Making his first visit to Mildura, ANZ CEO, Shayne Elliott, was in Mildura this week to meet with a number of the bank’s customers and to hear first-hand how they and their businesses have been coping since the pandemic hit last year.

Sunraysia is home to a large number of the ANZ’s customers, many of whom are stakeholders in the agriculture sector, an area of great importance to the bank’s business.

“This is really my first trip since COVID struck. I usually travel a lot as CEO. We are in 30 countries around the world and all parts of Australia and News Zealand and it’s good to get out and meet customers,” Mr Elliott said.

“When restrictions started to ease and things were looking a bit brighter on the travel front, I asked my team to put together a list of important places of interest to visit and Mildura came out on top of that list for Australia and so that’s why I am here.
“That is reflective of the strength of the local economy and the diversity of our customer base here, which obviously has a big agricultural base and other businesses which feed off that. I met with some engineering companies that are supporting agriculture and also with a variety of people from the ag. sector and also some of those people involved in tourism.”

A recent report by the ANZ’s economists indicated that in general, regional areas in Australia have been more resilient to pandemic impacts than capital cities, and this included Mildura, which it said had recovered more quickly.

Google mobility data indicated that the Mildura Local Government area is far ahead of the Victorian average for local movement, including to workplaces, retail and recreation venues, and grocery stores.

In the north-west region of Victoria, including Mildura, the unemployment rate actually fell during 2020, from 3.1 per cent in the first quarter to 2.7 per cent in the fourth.
Mr Elliott said that the customers he met were largely doing quite well despite the head winds the pandemic had created for many businesses.

“The people I met with were doing well in most part and feeling positively surprised I think,” he said.

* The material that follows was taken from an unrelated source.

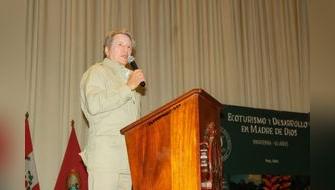 UNAMAD y aliados rinden homenaje a José Koechlin por 50 años impulsando el ecoturismo y la conservación en Madre de Dios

“When the pandemic struck, we were all thinking this is not going to be good, but people have had really good years and the resilience of their business has come to the fore. The sorts of things I heard was ‘it’s going well’ − ‘lots of opportunities’ and ‘feeling good about things’, but actually there are some real restraints starting to come through the economy and the most obvious one is labour shortage. And I heard that time and time again.”

Mr Elliott said that the customer base in the Sunraysia region was important to the bank.

“We are a big organisation, but we are made up of literally millions of small and medium size business customers and households, and that’s what really sustains us,” he said.

“And somewhere like Sunraysia is important, because one of the critical parts of our strategy, is helping people to start running and growing a small business and we see that throughout places like Mildura and Sunraysia.
“Whether it’s through farming and agriculture, or all of the feeder businesses that come off that, there are some real growth opportunities.”

Mr Elliott pointed out that ANZ has something that is slightly different to their peer group − other banks − and while there are things that are the same, their real specialty is connecting Australia with the rest of the world.

“We do that because we are the largest trade bank in Australia and the largest bank in helping people move goods and capital around the region. And so much of Sunraysia’s opportunity and current success comes off the trade with Asia,” he said.

“There is certainly some concern about the exposure to one dominant market like China, but there are some exceptions to that, and today we spoke to a company that manufactures harvesting equipment and their biggest market is the United States, and so it’s not all about China, but I understand the issue.
“The strategy of the past of all in one market – China – perhaps wasn’t the right thing to do in hindsight. It worked really well – let’s not forget that – and places like this have done very well from that, but going forward I think diversification is probably a good idea.
“And so one of our jobs as the biggest trade bank in Australia, is to introduce customers to where that opportunity may be. Is it Japan, is it Korea, is it India or Singapore or Thailand? Those a places we know really well. For years now, we have been running trade delegation trips with DFAT and we take customers up to those markets and introduce them to people to explore what’s possible. Once we get past COVID I think there is going to be a lot more interest in doing that.”

Mr Elliott is positive in his view of the outlook for the economy in general, including our region.

“If you flew into Mildura and you didn’t know about COVID and the associated issues and you just looked at the economy, you’d say we were in an economic boom. It really doesn’t get much better than this,” he said.

“Unemployment is falling, values are high, liquidity is freely available, there are jobs and growth and opportunity − things are good.
“However, what we are realising is that we are going to be facing a bunch of new challenges around inflation, labour shortages, supply chain challenges − all of those things that we aren’t really used to dealing with.
“It’s therefore the job of ANZ to help people think through what those things may mean to their business and their family and how do they start thinking about those things − but we are really optimistic about the future.”